Exercise description: Write out the entire listing below exactly as it appears, minus any pictures.

*** Exercise data

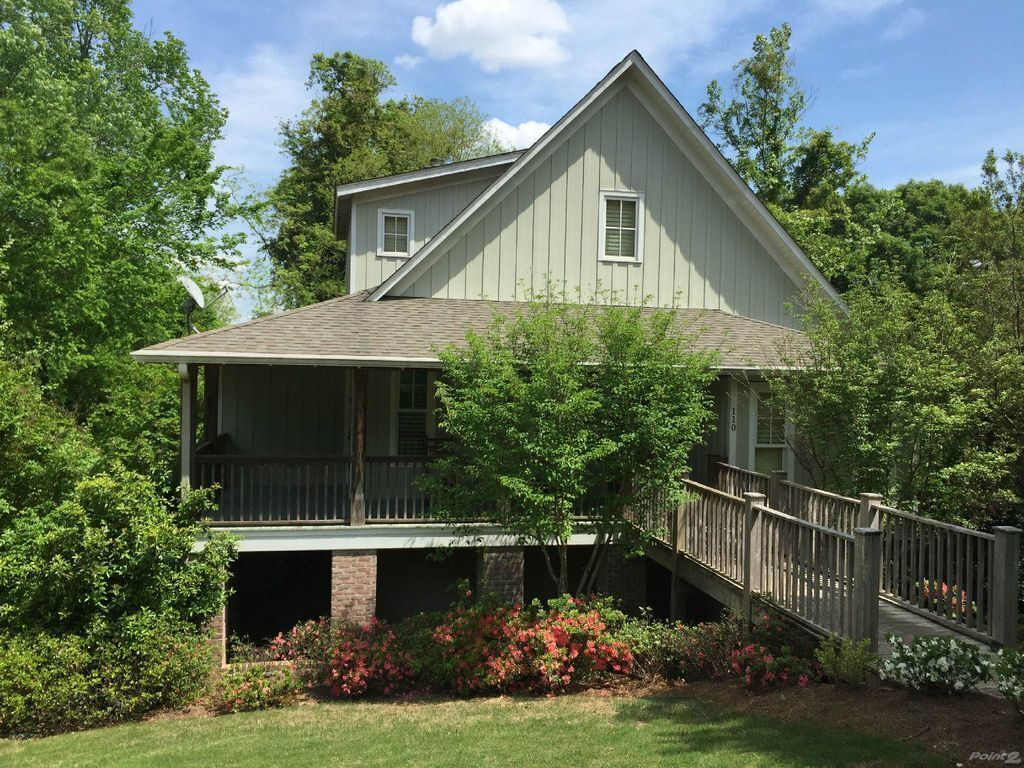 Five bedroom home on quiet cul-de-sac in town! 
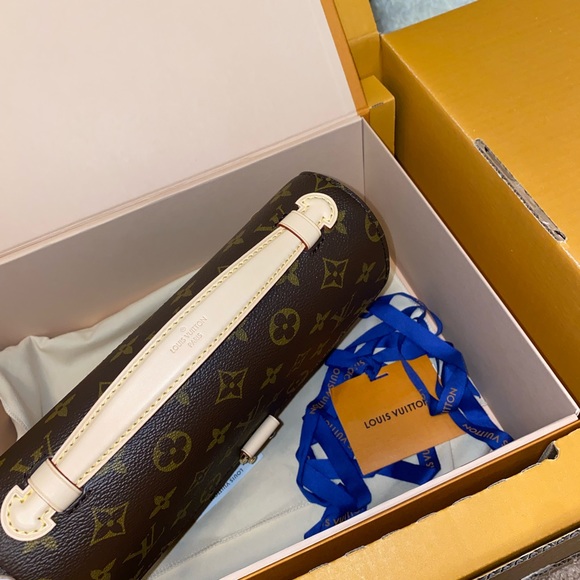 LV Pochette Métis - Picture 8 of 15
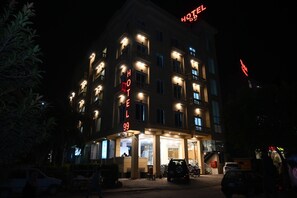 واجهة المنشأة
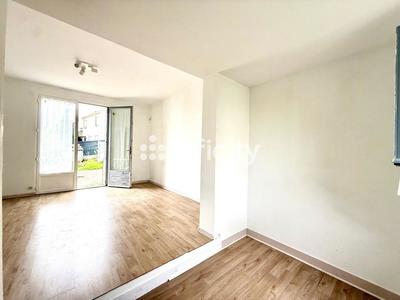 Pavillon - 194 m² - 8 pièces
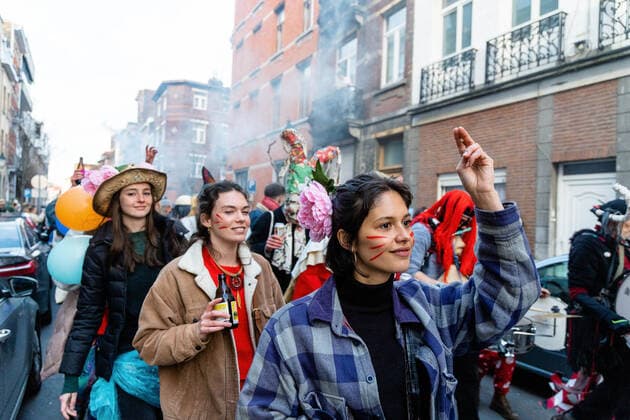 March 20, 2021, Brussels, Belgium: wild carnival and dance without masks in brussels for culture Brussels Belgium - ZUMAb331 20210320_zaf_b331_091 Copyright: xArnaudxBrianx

******

Task result:
 Five bedroom home on quiet cul-de-sac in town! 
 LV Pochette Métis - Picture 8 of 15
 واجهة المنشأة
 Pavillon - 194 m² - 8 pièces
 March 20, 2021, Brussels, Belgium: wild carnival and dance without masks in brussels for culture Brussels Belgium - ZUMAb331 20210320_zaf_b331_091 Copyright: xArnaudxBrianx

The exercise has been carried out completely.